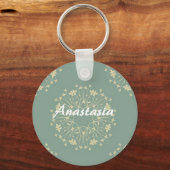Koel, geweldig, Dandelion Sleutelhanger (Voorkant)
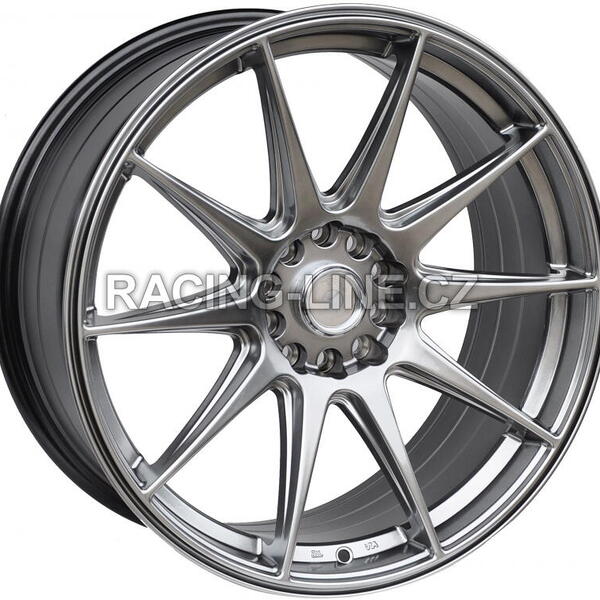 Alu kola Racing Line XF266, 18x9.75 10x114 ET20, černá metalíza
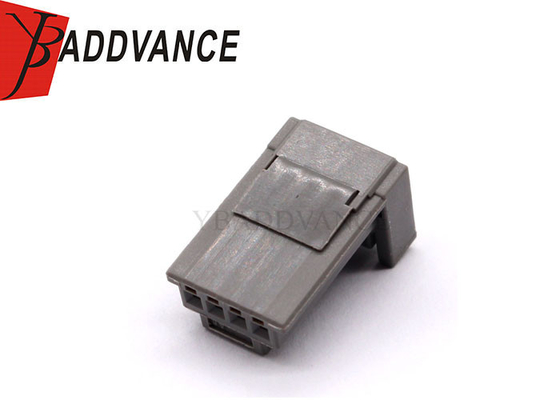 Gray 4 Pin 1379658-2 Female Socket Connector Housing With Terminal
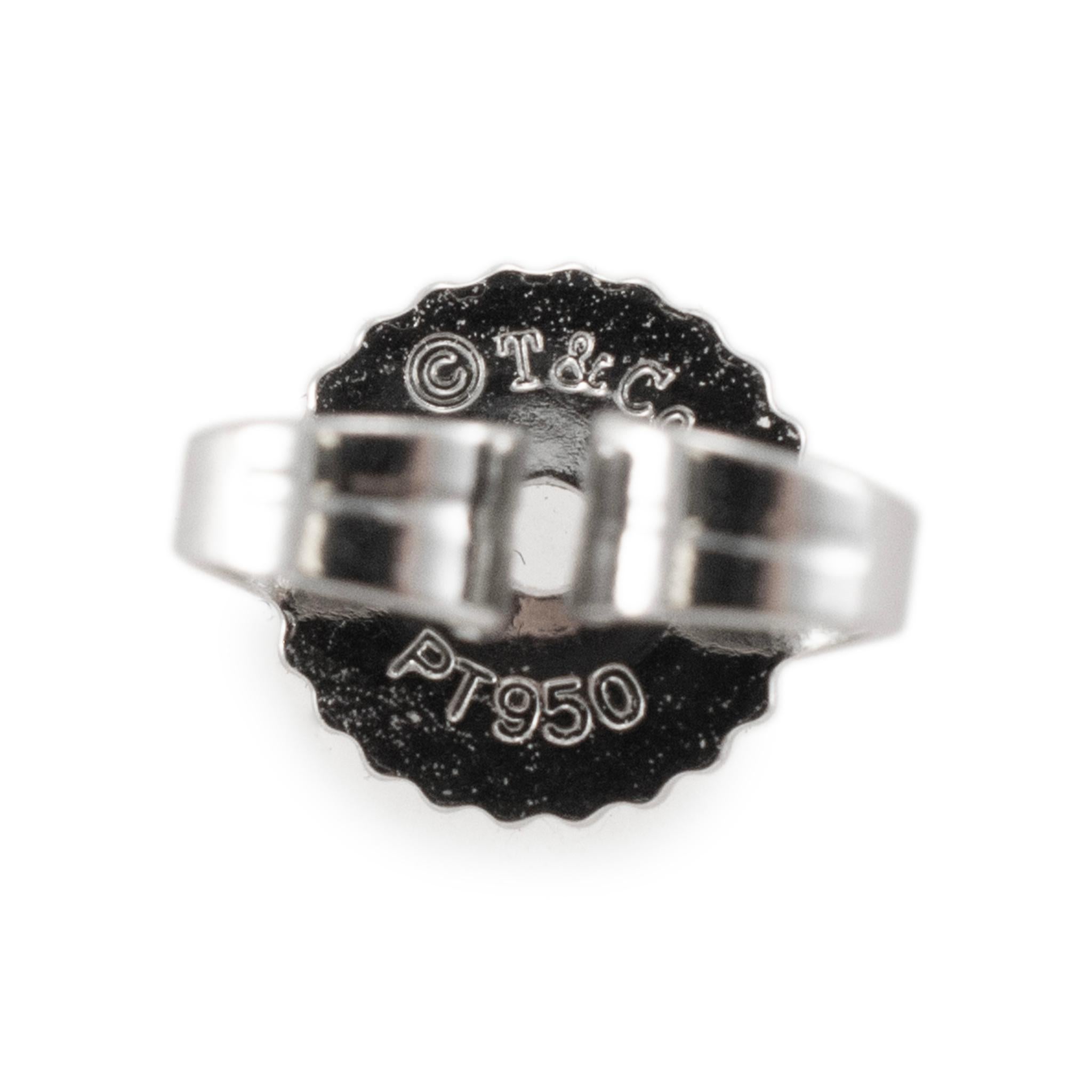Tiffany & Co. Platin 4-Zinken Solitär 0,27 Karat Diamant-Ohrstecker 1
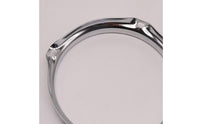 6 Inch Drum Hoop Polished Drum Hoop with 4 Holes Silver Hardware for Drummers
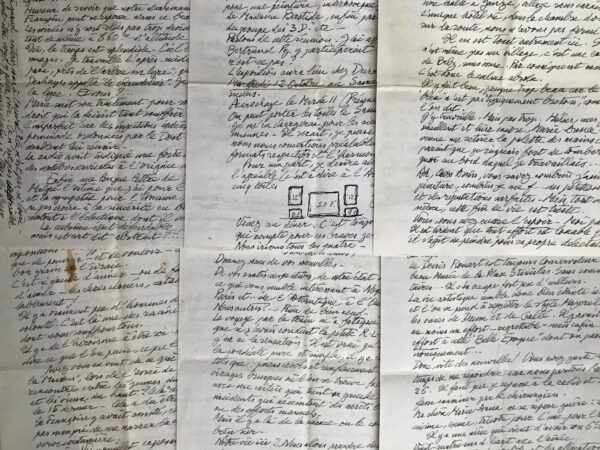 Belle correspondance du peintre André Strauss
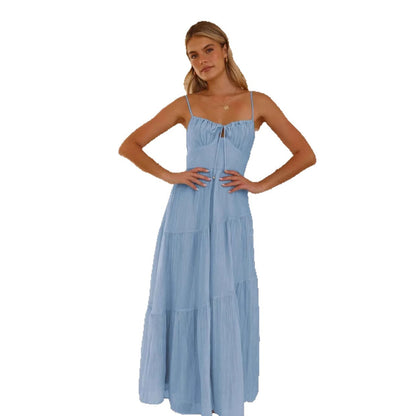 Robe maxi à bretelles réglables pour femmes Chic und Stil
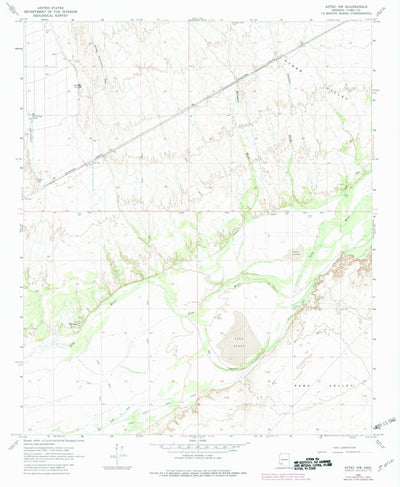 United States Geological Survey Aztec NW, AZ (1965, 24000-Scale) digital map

────────────────────────────────────────

The task =>
What is needed is a word-for-word repeat of every line from the line with "Tiffany & Co." to the end of the entries above; leave out the pictures.

Expected answer =>
Tiffany & Co. Platin 4-Zinken Solitär 0,27 Karat Diamant-Ohrstecker 1
 6 Inch Drum Hoop Polished Drum Hoop with 4 Holes Silver Hardware for Drummers
 Belle correspondance du peintre André Strauss
 Robe maxi à bretelles réglables pour femmes Chic und Stil
 United States Geological Survey Aztec NW, AZ (1965, 24000-Scale) digital map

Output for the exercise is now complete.